Was lässt sich vom Vater des Wirtschaftswunders für Klimaneutralität ohne Wohlstandsverluste lernen? Die Themen reichen vom Bau von Wind- und Solaranlagen über das Verbot von Gasheizungen, das Fliegen mit E-Fuels, Atomkraftkraft und Bratwürste aus Blumenkohl bis zu Schwarz-Grün und die Hessenwahl.

Herr Koch, nächste Woche stimmt Berlin in einem Volksentscheid darüber ab, ob die Stadt bis 2030 klimaneutral werden soll. Wie würden Sie votieren?
Ich bin skeptisch, wenn Politik daraus die Legitimation ableitet, das ganze Leben auf dieses eine Ziel hin zu organisieren. Es ist richtig, dass wir unsere Lebensweise in Einklang mit der Umwelt bringen müssen.
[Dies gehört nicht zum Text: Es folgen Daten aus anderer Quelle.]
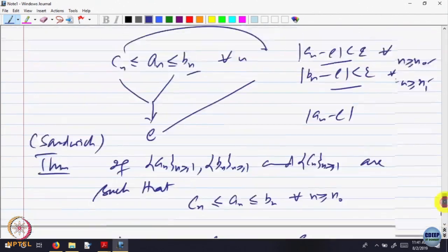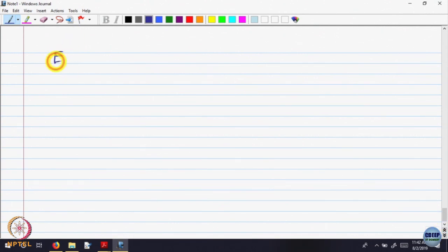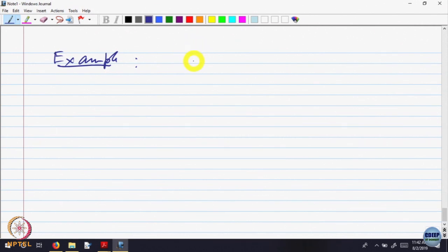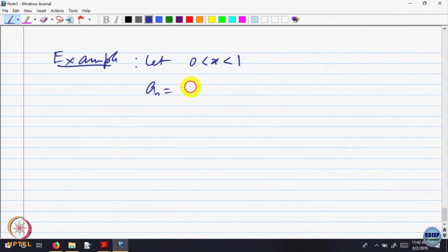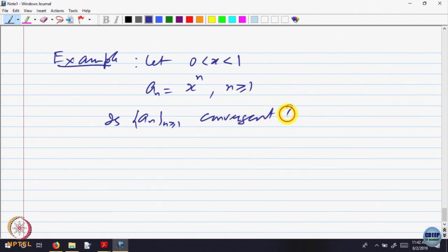This is what is called the sandwich theorem. In this example that we have done, you can say that this is by the sandwich theorem. Let us do one more example to illustrate the usefulness of these things. Let us look at a number x between 0 and 1. Let x be between 0 and 1. Let us look at a_n which is equal to x to the power n. The question is: is a_n convergent?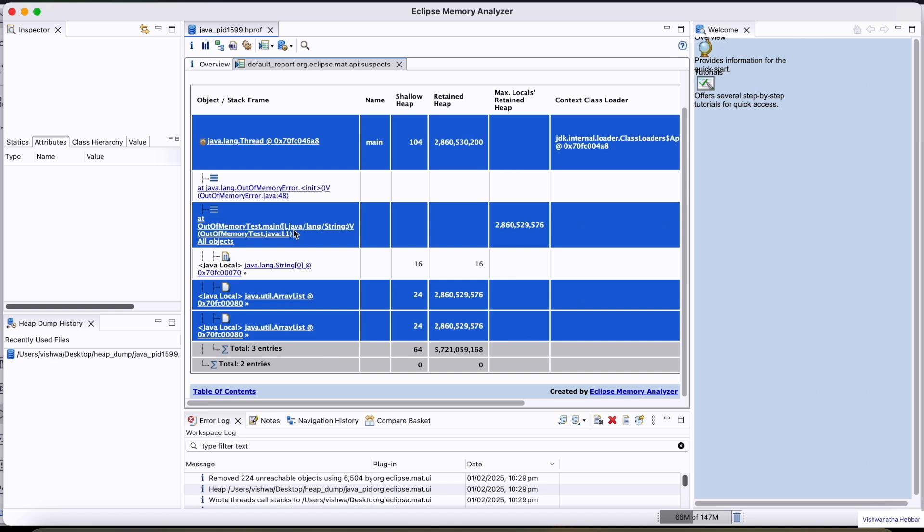You can draw certain conclusions by looking at these things. Like if a single object or a collection like ArrayList holds excessive memory, it may be a leak, and verify if the objects are unnecessarily retained.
Der Glaube aber, das könne man per Gesetz anordnen und dann wäre es geschafft, wird zu Enttäuschung über die Demokratie führen. Und zum Vorwurf einer Missachtung des Bürgerwillens, wenn das Ziel nicht auf Knopfdruck erreicht wird.

Wie steht es generell um das Verhältnis von Wunsch und Wirklichkeit in der deutschen Klimapolitik?
Meine Generation hat das Ziel nicht mit der nötigen Intensität verfolgt. Europa hat sich auf dem Vorteil ausgeruht, nach der Wende viele schmutzige Betriebe im Osten schließen zu können. Das hat den Handel mit Verschmutzungsrechten torpediert.

„Der CO2-Preis müsste über 100 Euro pro Tonne liegen statt heute 30 Euro.“

Dabei haben wir Europäer das System der Emissionszertifikate in den 1980er Jahren erfunden. Konsequent angewendet hat es übrigens Arnold Schwarzenegger in Kalifornien. Der CO2-Preis müsste über 100 Euro pro Tonne liegen statt den heute 30 Euro, um Anreize zu setzen.

Gelingt der Wandel nicht schneller mit klaren Vorgaben, wie es der Volksentscheid fordert?
Der Zorn der jungen Generation ist verständlich. Es führt aber zu nichts Gutem, mit dem Fuß aufzustampfen und mit Verboten und Anordnungen zu arbeiten nach dem Motto: Das kommt übermorgen so.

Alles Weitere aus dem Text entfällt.